#### [REQUIRED WORK]
Every entry below needs to be printed again exactly, with its pictures left out.

#### [DATA TO USE]
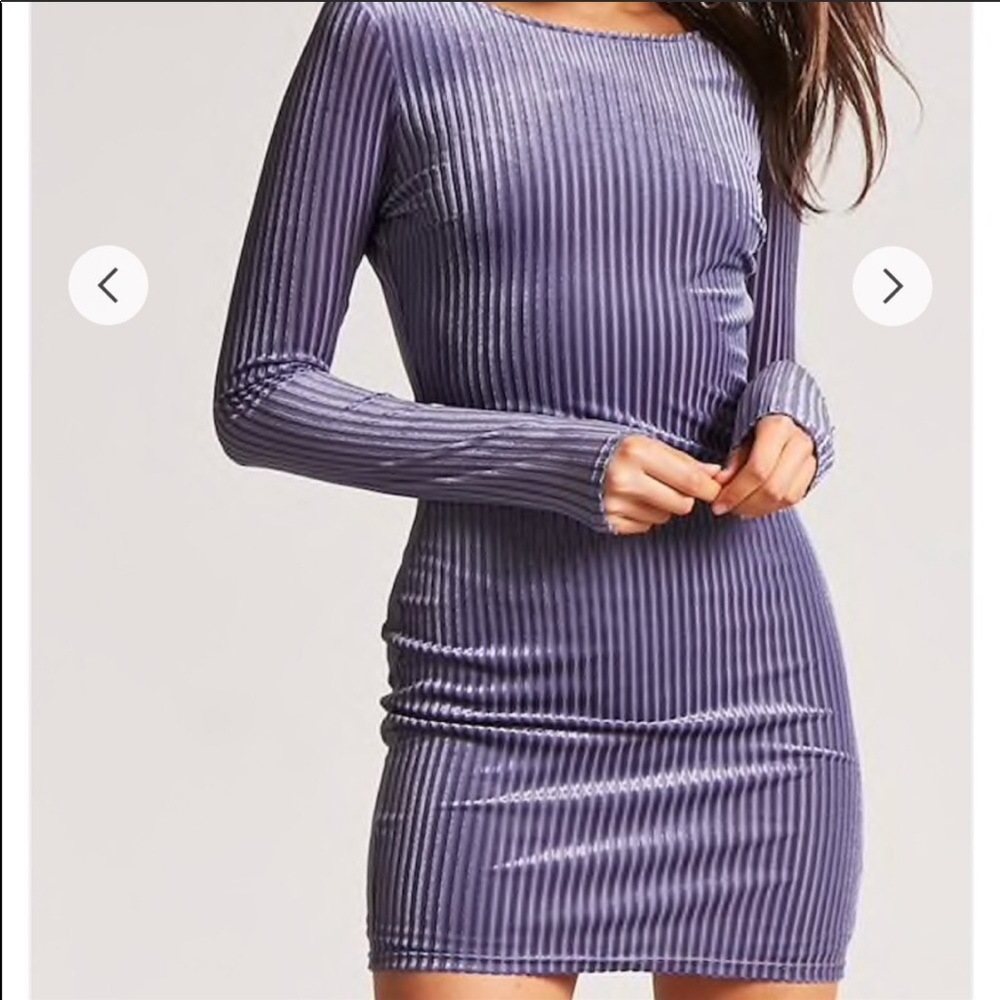 F21 Velvet Striped Dress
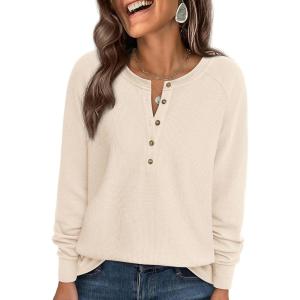 PRETTYGARDEN Women Long Sleeve Waffle Knit Shirts 2026 Fall Casual Button V Neck Loose Henley Tops Basic Tees Winter Clothes(Beige)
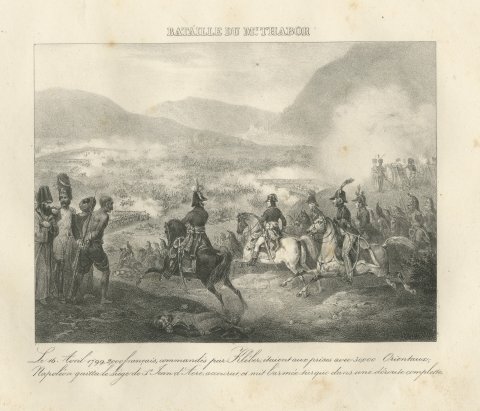 Battle of Mount Tabor, Napoleon Relieves Kleber, Antique Madou Lithograph, 1827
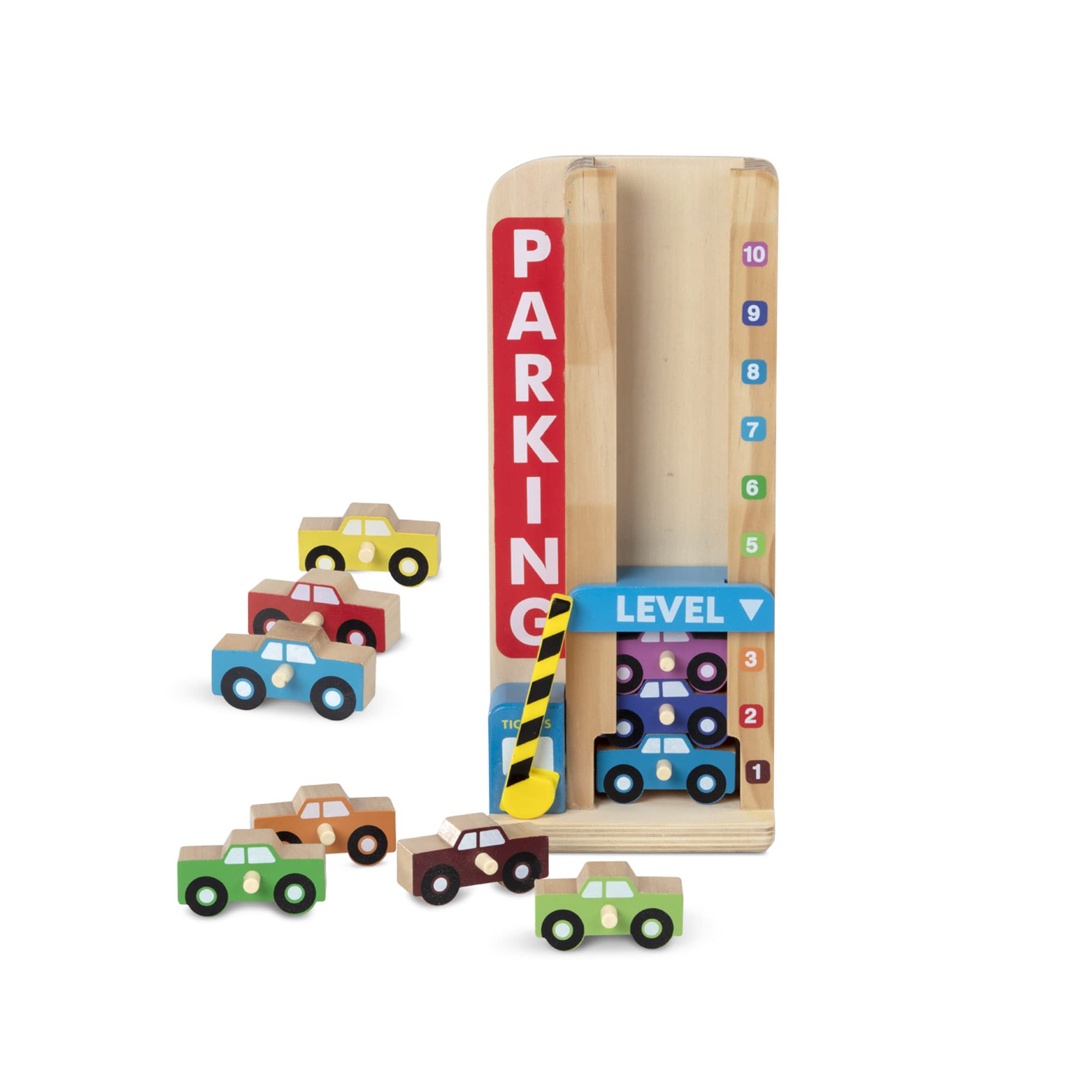 Stack Count Wooden Parking Garage Sturdy 10 Cars Drop Down Counter Math Skills 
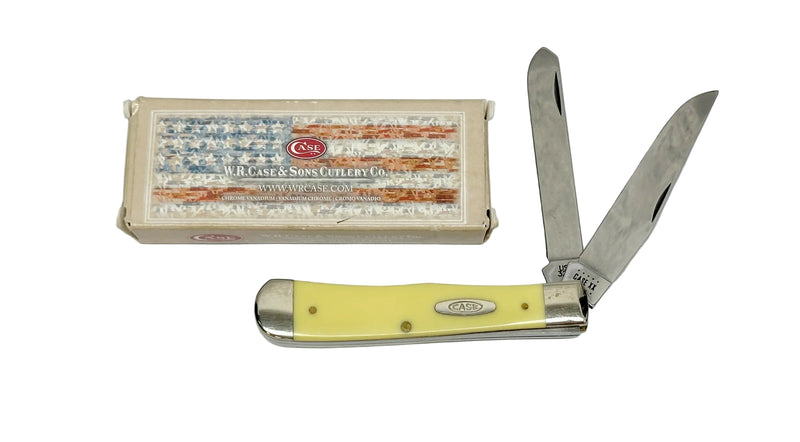 2020 Case XX Yellow Synthetic Smooth Trapper Pocket Knife - Hers and His Treasures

#### [SOLVED EXERCISE]
 F21 Velvet Striped Dress
 PRETTYGARDEN Women Long Sleeve Waffle Knit Shirts 2026 Fall Casual Button V Neck Loose Henley Tops Basic Tees Winter Clothes(Beige)
 Battle of Mount Tabor, Napoleon Relieves Kleber, Antique Madou Lithograph, 1827
 Stack Count Wooden Parking Garage Sturdy 10 Cars Drop Down Counter Math Skills 
 2020 Case XX Yellow Synthetic Smooth Trapper Pocket Knife - Hers and His Treasures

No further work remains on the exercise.